Mr ALBANESE (Grayndler) (12:03): I rise to support this important resolution moved by the member for Werriwa—important because it is an opportunity for us to show as a parliament our absolute unity in support of Peter Greste's release and our support for freedom of the press. Peter Greste, of course, has been detained in Egypt since December of last year. Peter was charged with defaming Egypt and having ties to the Muslim Brotherhood. In June of this year he was convicted of these charges and sentenced to seven years in jail. Peter is detained with his colleagues Mohamed Fahmy and Baher Mohamed, who have also been convicted of defaming Egypt and having ties to the Muslim Brotherhood. Baher Mohamed was also sentenced to an additional three years in prison for possession of ammunition. This referred to a spent bullet casing he found on the ground during a protest in those tumultuous times in Egypt.

Freedom of the press is something that we take for granted here in Australia. Our governments do not always like what they read in newspapers, nor do we as parliamentarians. But we accept that openness is a part of our democracy. I welcome the idea that Egypt has gone down the path of democracy with an independent judiciary. But, when a journalist simply going about his duties finds himself breaking the law, it is very clear that Egypt has much more work to do to adopt all of the institutions that are essential to democracy. I find it unfortunate that the Egyptian government cites one of these institutions, the independence of the judiciary, to justify its failure to protect another: the freedom of the press.
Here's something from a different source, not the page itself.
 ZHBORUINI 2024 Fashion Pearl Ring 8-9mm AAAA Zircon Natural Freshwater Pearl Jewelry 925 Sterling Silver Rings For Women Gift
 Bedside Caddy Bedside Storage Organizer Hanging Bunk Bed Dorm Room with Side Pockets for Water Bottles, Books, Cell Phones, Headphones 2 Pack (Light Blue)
There is no doubt that the work of journalists, particularly in the zones that Peter Greste worked in, is challenging and takes great courage. It is courage based upon the principle that people have a right to know what is going on in the world. Every day journalists place their own safety behind the principle of getting access to information and informing the citizenry of what is occurring. Around the world, many journalists—too many journalists—are killed each year or imprisoned for simply doing their job. The Peter Greste case brings home to Australia that this is the case.

It is a fact that, as Thomas Jefferson said, you cannot limit freedom of the press without destroying it. What we have here is a case where that freedom of the press is being restricted. The press are being intimidated by the fact that not just Peter Greste but also his colleagues from Al Jazeera have gone through what has been described as a farcical trial. The Media Entertainment and Arts Alliance report that according to the International Federation of Journalists 88 journalists and media workers have been killed so far this year. That is an extraordinary figure! It is an extraordinary figure which shows the danger that people put themselves in.

Peter Greste is someone who left Australia in the 1990s to pursue his dream of becoming a foreign correspondent. He worked for the BBC and Reuters, where he covered Latin America, the Middle East and Africa. In 2011 he started with Al Jazeera and, in that year, he also won a prestigious Peabody Award for a BBC report on Somalia.

One of the lawyers for the Al Jazeera journalists concluded their final argument by saying:

This is not a trial for these defendants alone—this is a trial of all journalists.

Our entire parliament stands, as well as with Peter Greste, with the Greste family, who have shown such courage. On behalf of the opposition, we give every support to the government in its endeavours to ensure Peter Greste's early release.